In de trein terug herken ik Tineke en haar kids; zij ging op bezoek bij haar ouders in de buurt van Avignon. Waardeloze vakantie voor haar omdat haar moeders gezondheid achteruit gaat en ze veel in het huishouden moet inspringen. Vader doet niet zo veel meer…..ook met de kinderen van Tineke onderneemt hij niks. Tineke is nu vermoeider dan drie weken terug op de heenreis. Met pijn in haar hart laat ze nu haar moeder aan haar vader over. Ze verwacht binnenkort wel weer terug te moeten voor de verzorging van haar moeder. Voor haar vader zal dan ook iets geregeld moeten worden, want die gaat geestelijk sterk achteruit.

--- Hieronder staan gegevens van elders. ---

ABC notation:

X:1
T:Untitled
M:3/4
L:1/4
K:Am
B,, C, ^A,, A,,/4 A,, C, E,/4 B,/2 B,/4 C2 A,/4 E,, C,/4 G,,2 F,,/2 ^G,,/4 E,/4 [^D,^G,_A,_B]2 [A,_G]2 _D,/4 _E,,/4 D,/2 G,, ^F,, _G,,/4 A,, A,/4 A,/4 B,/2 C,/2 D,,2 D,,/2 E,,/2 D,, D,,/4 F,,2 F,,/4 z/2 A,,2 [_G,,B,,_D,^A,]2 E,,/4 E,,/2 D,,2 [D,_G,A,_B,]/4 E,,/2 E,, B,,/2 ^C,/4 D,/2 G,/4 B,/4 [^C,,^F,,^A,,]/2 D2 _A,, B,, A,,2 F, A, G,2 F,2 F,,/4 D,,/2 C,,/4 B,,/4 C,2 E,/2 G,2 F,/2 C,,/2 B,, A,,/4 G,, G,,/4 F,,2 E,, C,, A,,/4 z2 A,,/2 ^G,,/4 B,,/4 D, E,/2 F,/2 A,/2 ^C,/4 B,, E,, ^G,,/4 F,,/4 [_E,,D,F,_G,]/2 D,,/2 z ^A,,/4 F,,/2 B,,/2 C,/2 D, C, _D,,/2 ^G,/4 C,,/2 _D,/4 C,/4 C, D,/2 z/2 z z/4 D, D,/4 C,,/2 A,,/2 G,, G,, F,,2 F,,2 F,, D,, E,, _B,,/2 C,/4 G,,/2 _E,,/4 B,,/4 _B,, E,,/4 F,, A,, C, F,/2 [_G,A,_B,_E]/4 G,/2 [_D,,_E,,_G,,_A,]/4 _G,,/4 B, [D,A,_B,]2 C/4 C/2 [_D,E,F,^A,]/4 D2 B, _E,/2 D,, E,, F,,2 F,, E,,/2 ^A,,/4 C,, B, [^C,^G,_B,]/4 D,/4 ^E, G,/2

Misschien zit er wel niks anders op dan dat ze alletwee weer terug naar Nederland.......
Ze heeft, om het even over iets anders te hebben, nog wel wat acts gezien in Avignon, voornamelijk, kindervoorstellingen en daar heb ik er dit jaar toevallig niks van gezien, dus daar kan ik niet over meepraten.
Het wordt flink benauwd in de Thalyscoupé; in deze coupé mag gerookt worden.
´Als u nu niet zo veel rookt,´ zegt de snuggere Thalysmedewerkster,´wordt het ook niet zo benauwd.´
Zij kijkt er verbaasd van op als ik haar zeg, dat de reizigers uit de coupé waar niet gerookt mag worden, hier komen paffen…………………....tsja, nogal logisch dat het hier dan benauwd wordt, zeg.

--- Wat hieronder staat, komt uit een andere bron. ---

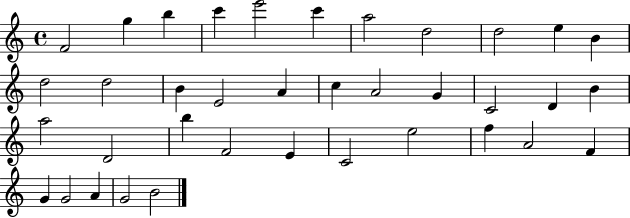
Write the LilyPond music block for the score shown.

{
  \clef treble
  \time 4/4
  \defaultTimeSignature
  \key c \major
  f'2 g''4 b''4 | c'''4 e'''2 c'''4 | a''2 d''2 | d''2 e''4 b'4 | \break d''2 d''2 | b'4 e'2 a'4 | c''4 a'2 g'4 | c'2 d'4 b'4 | \break a''2 d'2 | b''4 f'2 e'4 | c'2 e''2 | f''4 a'2 f'4 | \break g'4 g'2 a'4 | g'2 b'2 | \bar "|."
}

Mia, de grappige, Amsterdamse, net gescheiden schooljuf, met wie ik het zo gezellig had op de heenreis……….die Mia, ja…..zou ook na drie weken, op dezelfde dag als ik, terug naar huis gaan. Jammer dat ik haar niet zie in deze trein. We hebben elkaars adressen. Het streelt me nog steeds, dat ze dacht, dat ik een jaar of veertig was, terwijl ik zowat zestig ben.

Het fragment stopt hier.